This exercise calls for all the entries that follow to be set down exactly, without their images.

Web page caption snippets

☆ ☆ ☆ ☆ ☆

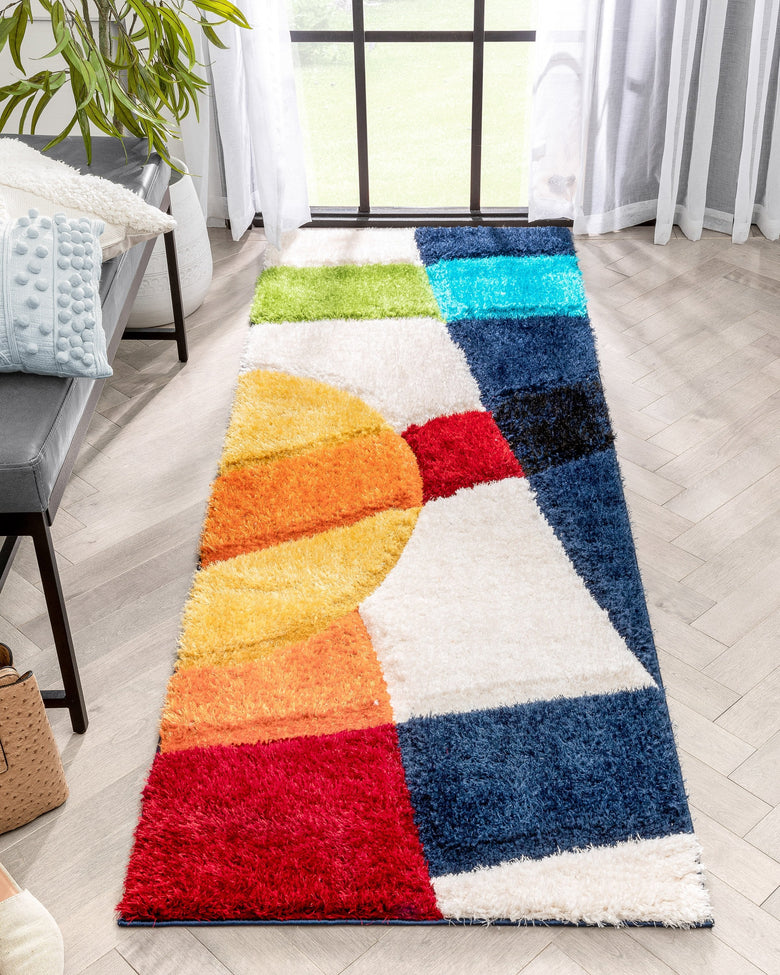 Remi Contemporary Geometric Boxes 3D Textured Shag Multi Rug LOL-20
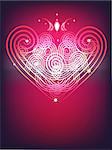 Festive valentine’s background, with shining ornamental heart and crown.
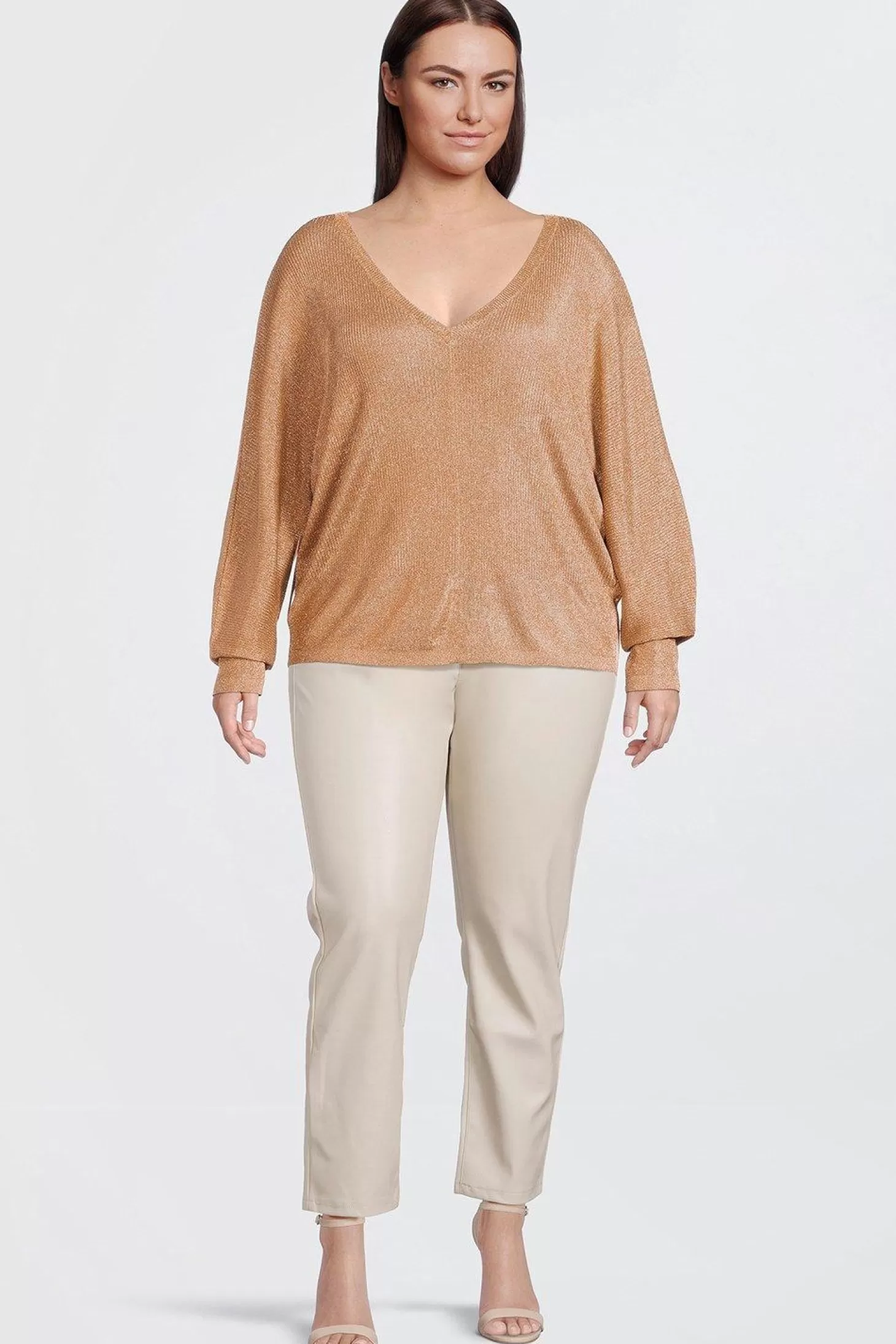 Karen Millen Plus Size Viscose Blend Metallic Sparkle Knit V Neck Top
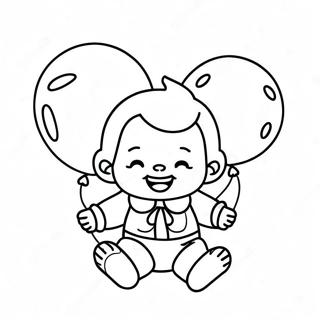 Gelukkige Baba Met Ballonne Inkleurblad 94284 33589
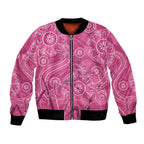 Australia Indigenous Pink Month Bomber Jacket Breast Cancer Aboriginal Dragonflies Ribbon - Aussie Hoodie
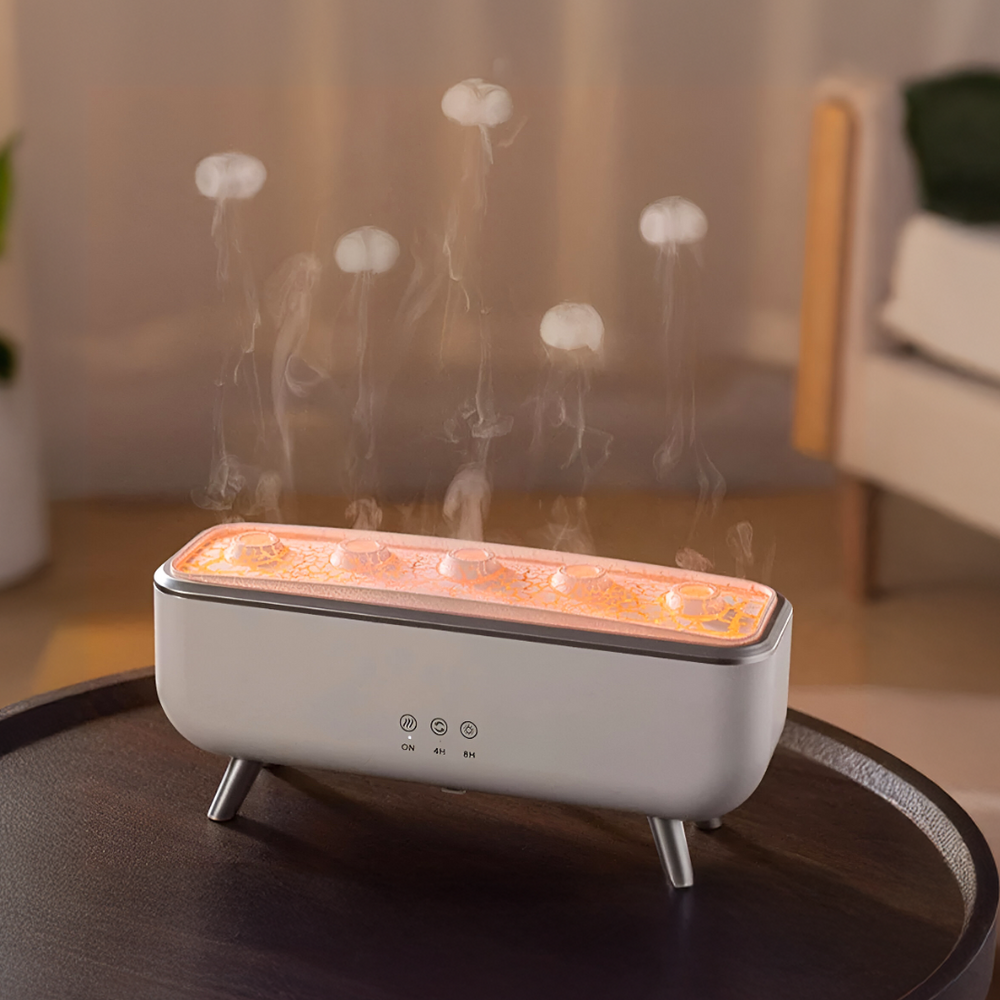 Aroma Diffuser ABS Plastic, 300 ml Tank | White, Jellyfish Mist Effect | Two Mist Modes, LED Colour Light, Remote & Timer
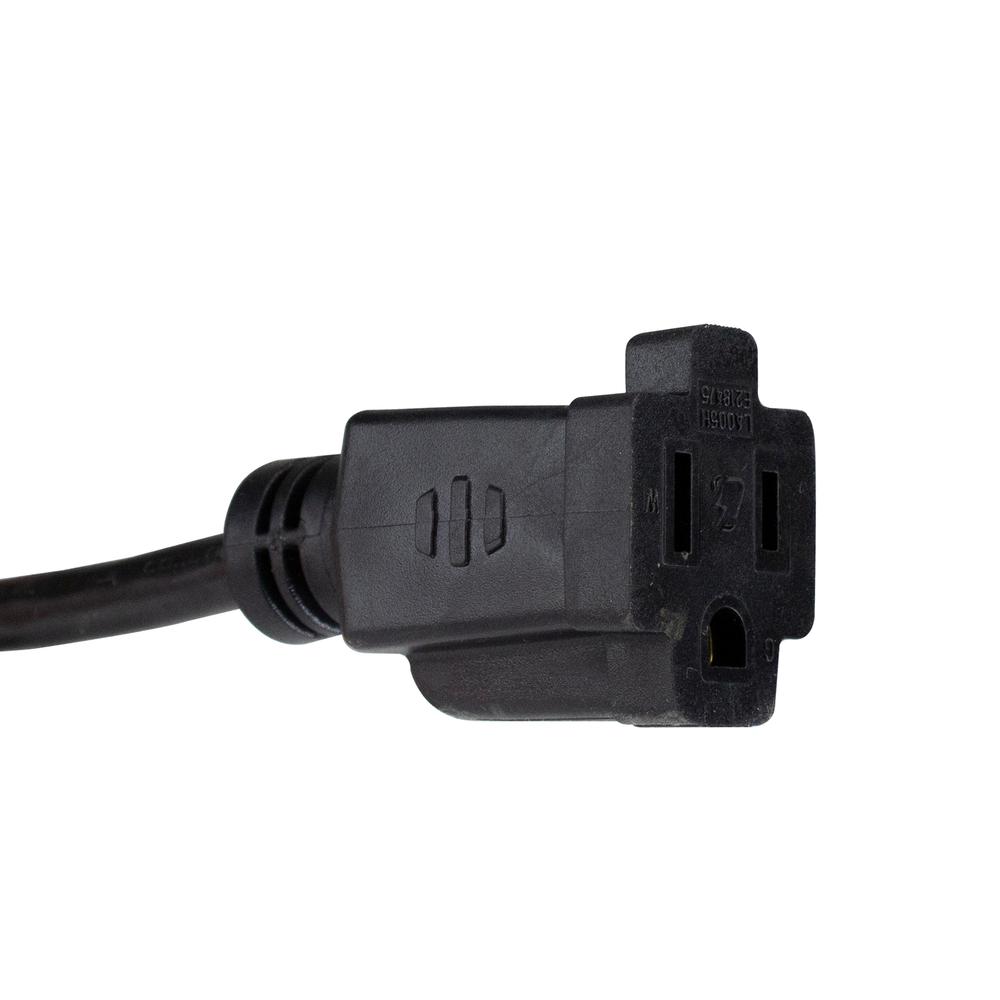 20' Black 3-Prong Outdoor Extension Power Cord. Picture 2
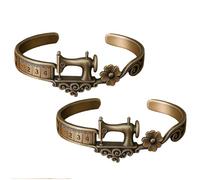 HYPYXUS Pulsera con temática de máquina de coser, cinta métrica vintage y pulsera de flores creativa, joyería ajustable única para amantes de la costura (2 PCS)
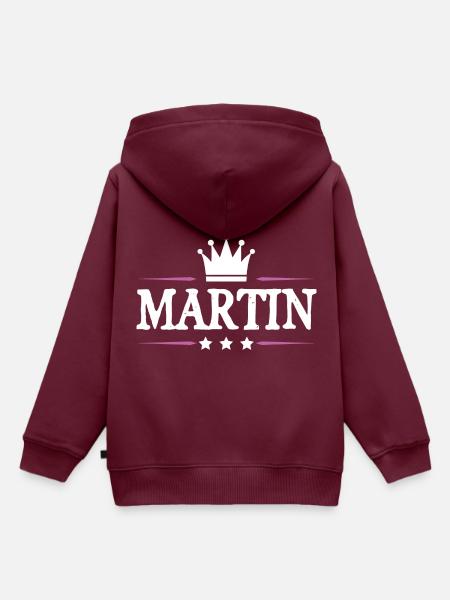 Martin - Kinder Premium Organic Hoodie - Burgunderrot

☆ ☆ ☆ ☆ ☆

_Solution to the exercise_
 Remi Contemporary Geometric Boxes 3D Textured Shag Multi Rug LOL-20
 Festive valentine’s background, with shining ornamental heart and crown.
 Karen Millen Plus Size Viscose Blend Metallic Sparkle Knit V Neck Top
 Gelukkige Baba Met Ballonne Inkleurblad 94284 33589
 Australia Indigenous Pink Month Bomber Jacket Breast Cancer Aboriginal Dragonflies Ribbon - Aussie Hoodie
 Aroma Diffuser ABS Plastic, 300 ml Tank | White, Jellyfish Mist Effect | Two Mist Modes, LED Colour Light, Remote & Timer
 20' Black 3-Prong Outdoor Extension Power Cord. Picture 2
 HYPYXUS Pulsera con temática de máquina de coser, cinta métrica vintage y pulsera de flores creativa, joyería ajustable única para amantes de la costura (2 PCS)
 Martin - Kinder Premium Organic Hoodie - Burgunderrot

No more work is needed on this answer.